In a joint project building on our recent book ("Nye regler om forbrugerkøb - en empirisk undersøgelse", see publications) we investigate recent changes in Danish Consumer laws. Three legal rules are the object of attention:

  • the rule that cuts of consumers’ claims against the seller/producer after two years,
  • the rule that governs the consumers remedies for defective products (repair and replacement of the product),
  • and the rule governing the burden of proof when a consumer claims a product is defective (and was so at the time of purchase).

In investigating these rules we are motivated by three considerations:

First, the rules have been and remain the subject of much controversy. Some claim that the changes have been detrimental to social welfare overall and more specifically to the functioning of sub-markets, e.g. the market for used cars. Thus, in the opinion of some, the new legislation, which stems from a EU-directive, constitutes inefficient and overly centralized legal harmonization within the EU. Whether this is in fact so is explored using economic criteria of efficiency.

Second, a basic issue in legal scholarship and in law and economics is the extent to which legal rules affect actual behaviour. Some have claimed that norms of behaviour play a larger role in shaping behaviour than do legal rules that are often difficult to enforce. This issue is very pertinent in the area of contract law where costs of enforcement are often large in relation to the possible gain obtained through legal enforcement.

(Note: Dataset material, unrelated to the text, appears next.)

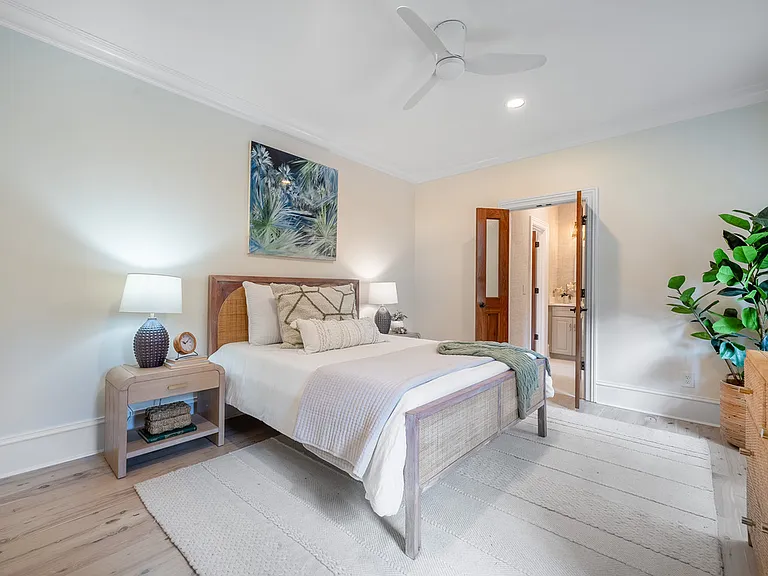 108 Live Oak Dr — Photo 21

However, this issue is little explored both within legal scholarship and within law and economics; we know relatively little about how great an impact contract law has on actual behaviour. This question was part of the motivation behind our empirical investigation of the impact of the implementation of the EU directive, and we continue investigating this question on the background of our empirical findings.

Third, the empirical findings may be used to highlight some deeper issues in legal theory and in law and economics. These deeper issues may be described as follows: 

-        On the issue of limitation periods (the time during which a consumer may raise claims), there is no really satisfactory theory of why such time limits exist at all. The basic question is this: if some years after purchase a consumer can prove that the product was defective when he bought it, why should he or she not, irrespective of the number of years passed, be able to claim remedies? To this question there is no fully convincing answer in the literature; we attempt an answer in a recent working paper, and we wish to explore this idea further.

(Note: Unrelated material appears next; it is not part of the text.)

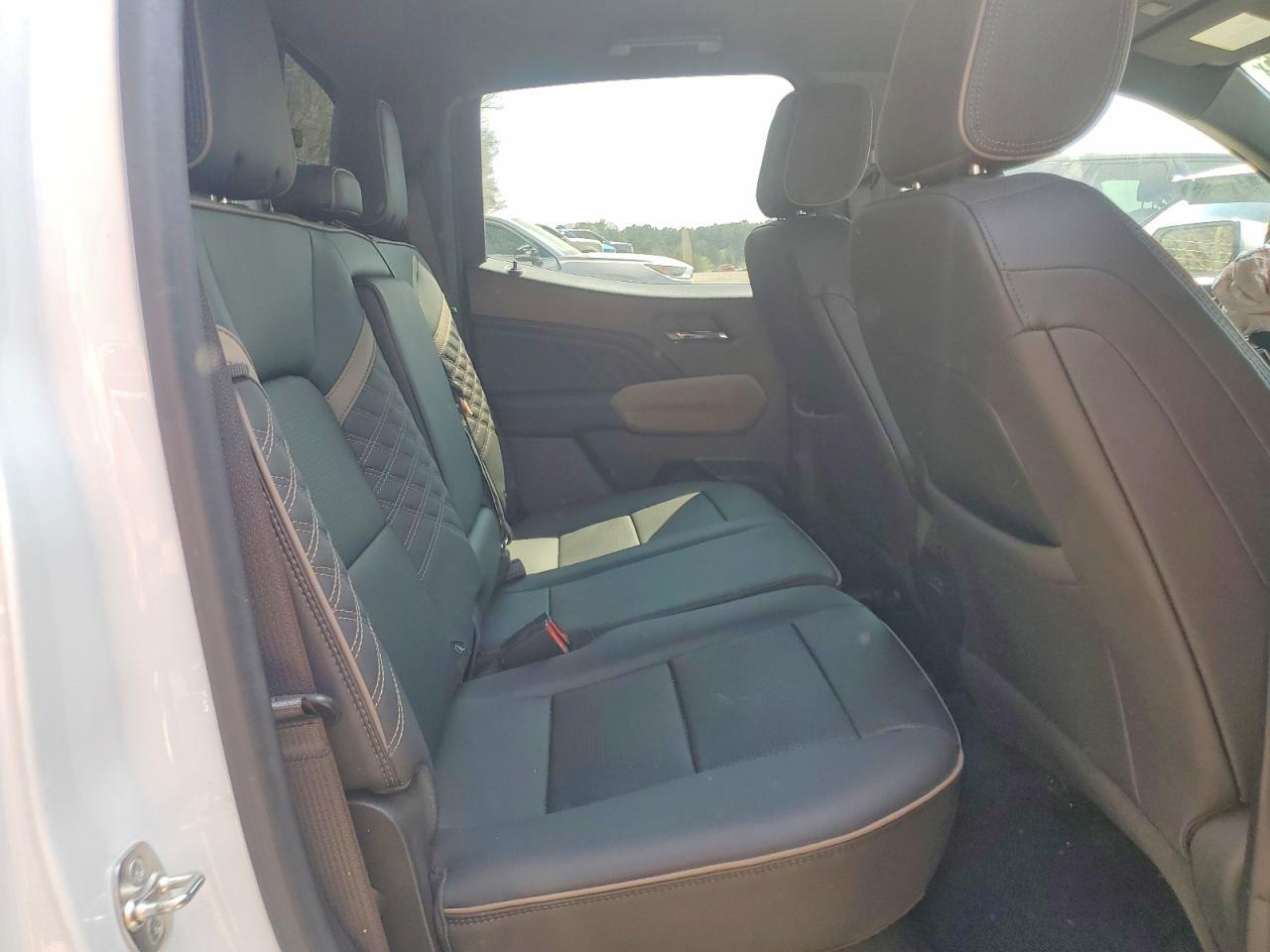 2024 GMC CANYON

-         The issue of remedies for defective products, e.g .whether a consumer has the right to have a new product or must accept that the old is repaired, falls into the legal and the law and economics literature on `efficient remedies for breach of contract´.  Using the theoretical apparatus from this literature, we hope to be able to contribute to the question of which remedies are socially optimal in the context of consumer sales.

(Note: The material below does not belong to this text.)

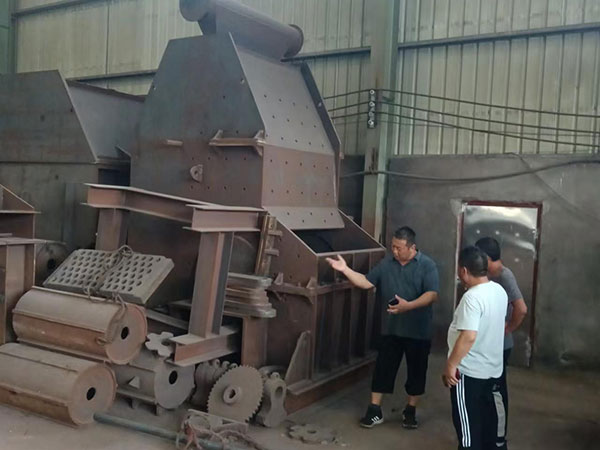 廢鋼破碎機(jī)客戶訂購(gòu)現(xiàn)場(chǎng)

-        The issue of what constitutes a socially efficient (or reasonable) allocation of the burden of proof has received some but very little attention in the literature, and so has the specific issue of the role of presumptions. In the new law, the rule is that the presumption is with the consumer for the first six months while for the next 18 months the burden of proof lies the consumer with no presumption in his or her favour. The issue we intend to analyze both empirically and theoretically is this: what is the role of such presumptions for the outcome of claims (and what is the implication in terms of social welfare?).


Efficiency and Value Effects of Accounting and Auditing Rules

Clas Wihlborg in cooperation with researchers at the University of Rome, Tor Vergata, the University of Göteborg, and the India Development Foundation:

New EU-wide accounting standards are being implemented and the Sarbanes-Oxley Act in the USA sets new standards for auditing after recent scandals in the USA and Europe. In one part of the project, auditing standards in a number of countries are compared across countries and over time. The impact on corporate performance is analyzed. In another part of the project, objective of accounting rules in different legal and financial systems are analyzed theoretically and empirically.